The threshold for the Homebuyers
It was only after a tough fight being fought by the homebuyers that they were moved up in the list of the claimants and were included in the definition of Financial Creditors. It was only after the case of Pioneer Urban Land and Infrastructure Ltd. & Ors. v. Union of India that the rights for homebuyers were acknowledged in a complete manner. However, a setback to the same was brought when the Central Government through an ordinance passed in December 2019, (only within a limited span after the inclusion of homebuyers in the definition of Financial Creditors) through which a minimum threshold was set for the homebuyers that are minimum of 100 homebuyers or 10% of the total buyers in a project, whichever is less, shall be necessary to be congregated so as to initiate insolvency proceedings against the defaulting builder.
Thus, there has been a caveat that has been imposed on the homebuyers in exercising their right to bring the defaulting builder towards insolvency proceedings. The Forum for People’s Collective Efforts (FCPE) continuously argued the same to be arbitrary and takes away the rights of the homebuyers as even though the builder may be a defaulter but in case the number of the buyers fall short of the threshold, the builder shall be free from any duties and it will ultimately be the homebuyers who would suffer.
The very objective behind such ordinance as is provided by the Central government is that in the times when the real estate sector in the country is stuttering, it is necessary that primarily the debt of the corporate debtors be fulfilled and primary focus shall be towards the completion of the project and the fulfilment of the contract between the homebuyers and the builder which they have entered into at their initial stage.
Against the said ordinance there have been several writ petitions that are filed in the Hon’ble Apex Court.

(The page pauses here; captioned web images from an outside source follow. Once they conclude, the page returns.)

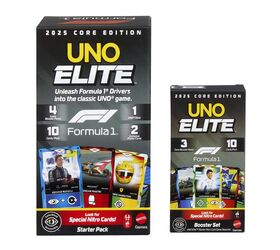 gallery uno elite formula 1 core edition starter pack and booster set
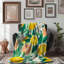 Vibrant Citrus Art - 1 pièce Sherpa Premium-100733663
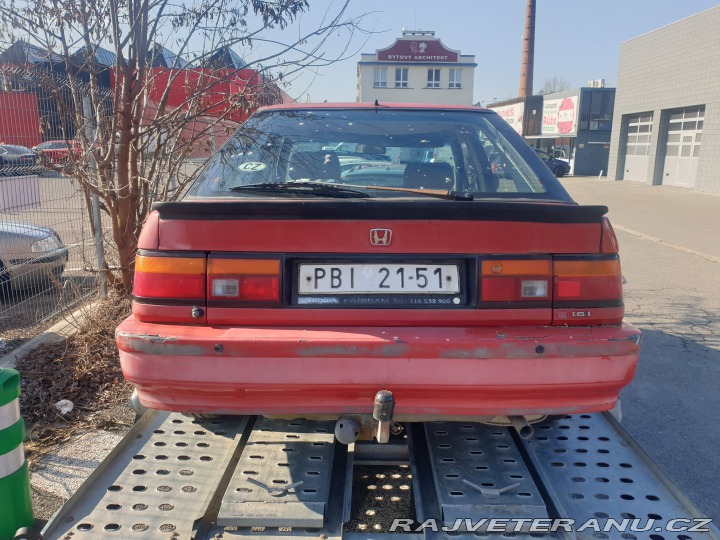 Honda Ostatní modely Concerto 1.6 16V 1989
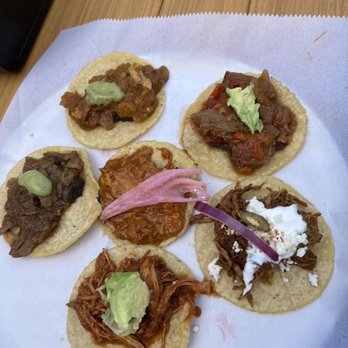 Guisados - Sampler - Seafood Near Me - Hermosa Beach, California Guisados - Sampler - Seafood Near Me - Hermosa Beach, California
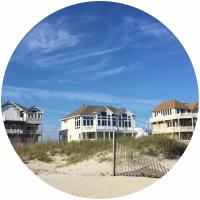 Rental homes on the beaches of the Outer Banks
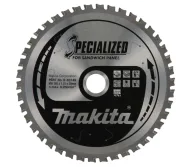 Disc pentru fierastrau electric MAKITA B-63149 165mm 1.4mm Panouri sandwich-1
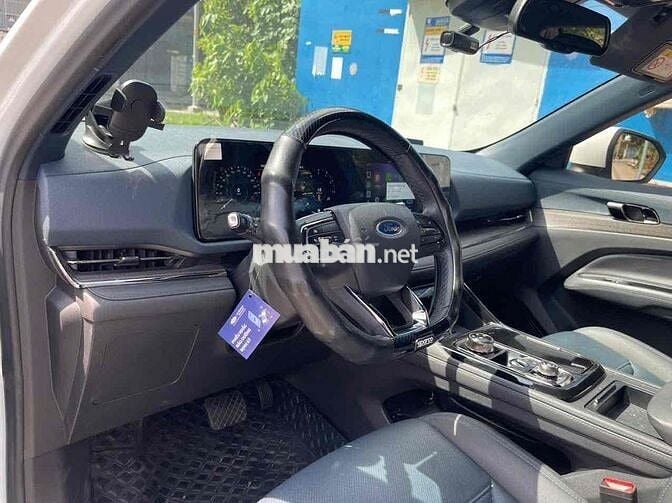 Ford Territory Titanium X 2023 Trắng đi lướt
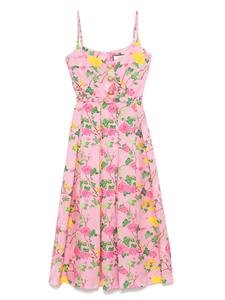 Платье с цветочным принтом NISSA, розовый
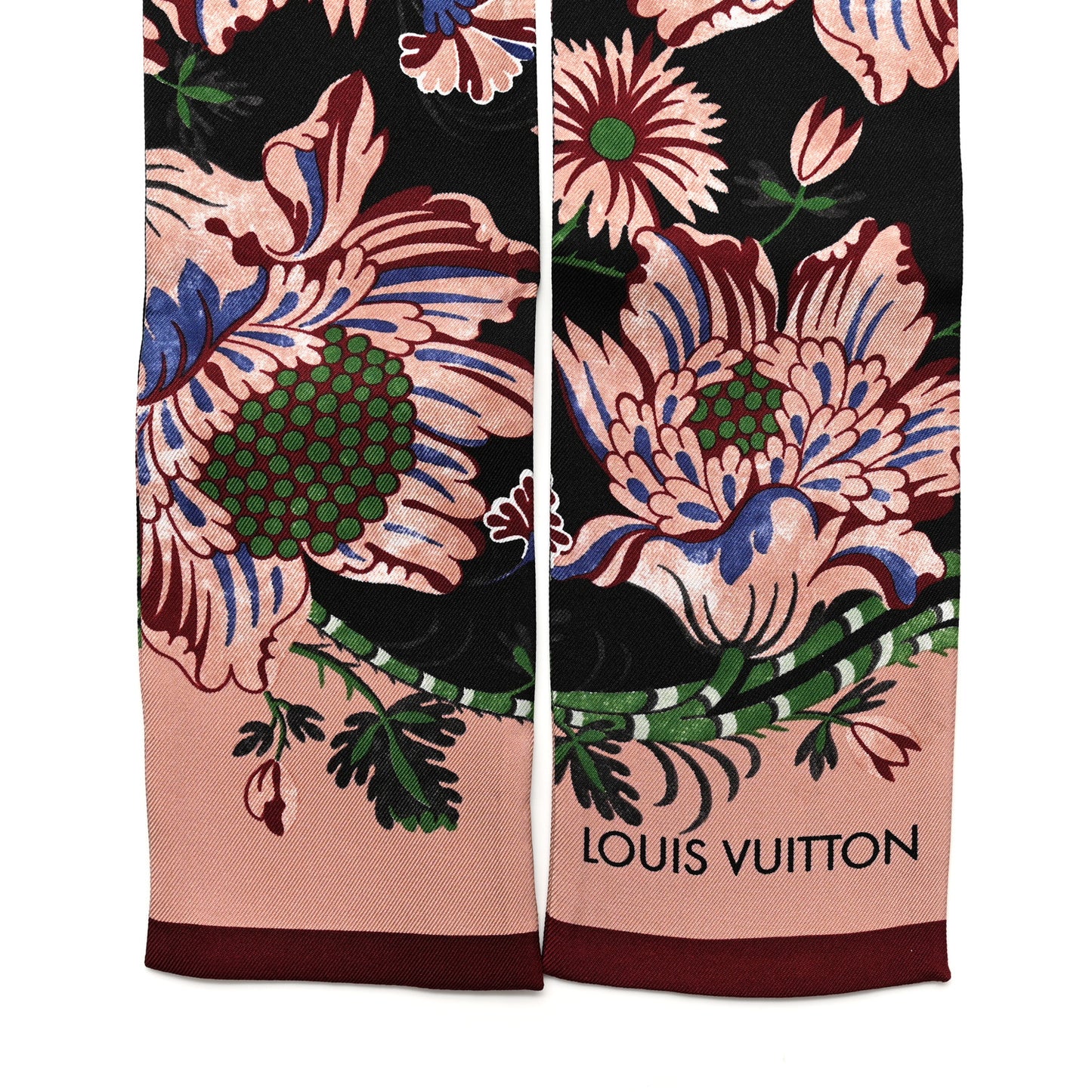 Silk Flower Bandeau Multicolor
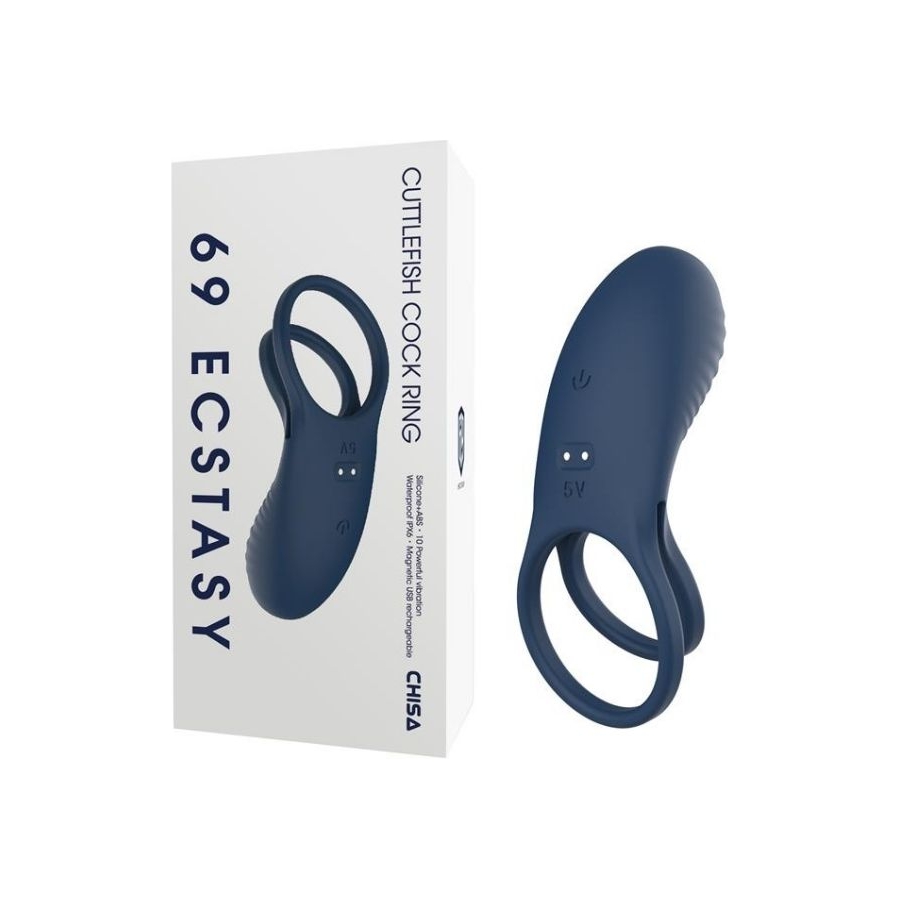 Chisa Cuttlefish Cock Ring Penis Halkası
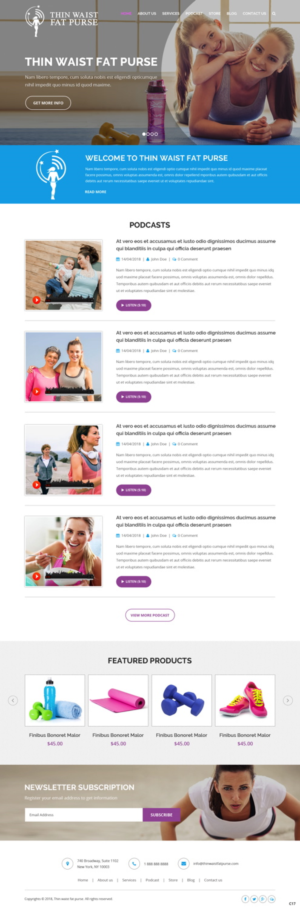 WordPress-Design von pb für dieses Projekt | Design: #18354306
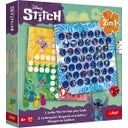 Trefl 2 in 1 Box di Giochi - Lilo & Stitch - 1 pz.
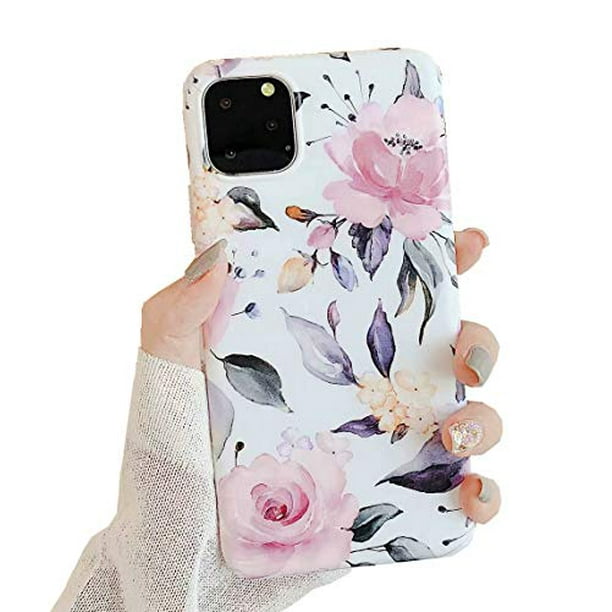Iphone 11 Pro Max Case For Girls Jandm Flower Leaves Pattern Cover Slim Fit Clear Bumper Soft Rubber Full Body Protective Floral Case For Iphone 11 Pro Max 6 5 White Walmart Com Walmart Com Iphone 11 Pro Max Case For Girls Jandm Flower Leaves Pattern Cover Slim Fit Clear Bumper Soft Rubber Full Body Protective Floral Case For Iphone 11 Pro Max 6 5 White Walmart Com Walmart Com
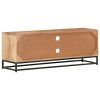 TV Stand 43.3"x11.8"x15.7" Solid Wood Acacia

The main contention of the homebuyers through these petitions is that the said change brought in the IBC which sets a minimum threshold for initiation of insolvency proceedings by the homebuyers is arbitrary and discriminatory in nature.
In the petition, the homebuyers say that when the case was filed pertaining to the inclusion of homebuyers under the definition of financial creditors and providing them with their rightful due, the submission pertaining to minimum threshold was already brought in by the builders and the same was negated by the Apex Court thereto. Hence, bringing an amendment, even after negation by S.C. of the same, stands illegal and without any basis. The act seems mere circumvention of the decision of the S.C.
Thus, it is very clear that the recent amendment of bringing in a threshold for the homebuyers is not welcomed by the homebuyer fraternity and to a certain extent the same has some lacunas which need to be catered to for a better implementation of the Code in too.
At this juncture, it becomes necessary to bring both the amendments together and see them in light of each other. It shall be very clear that on one hand the previous amendment recognised the rights of the homebuyers to a very large extent and on the other hand, the latter amendment curtailed it to a certain extent. The policy decision of the government, as is stated, is taken in the wake of shackling position of the Real Estate Sector in the country. If this is the case it is very certain that there needs to be a curtailment on a few rights of the other side. However, the only problem that is floating on the surface of this contention is that why only restrict the homebuyers and why no caveat on the other stakeholders is imposed through such amendment.
The answers to these questions shall certainly be painful for the government to cater however, it is only after a lucid answer to such questions that the policy can be termed as fair and just.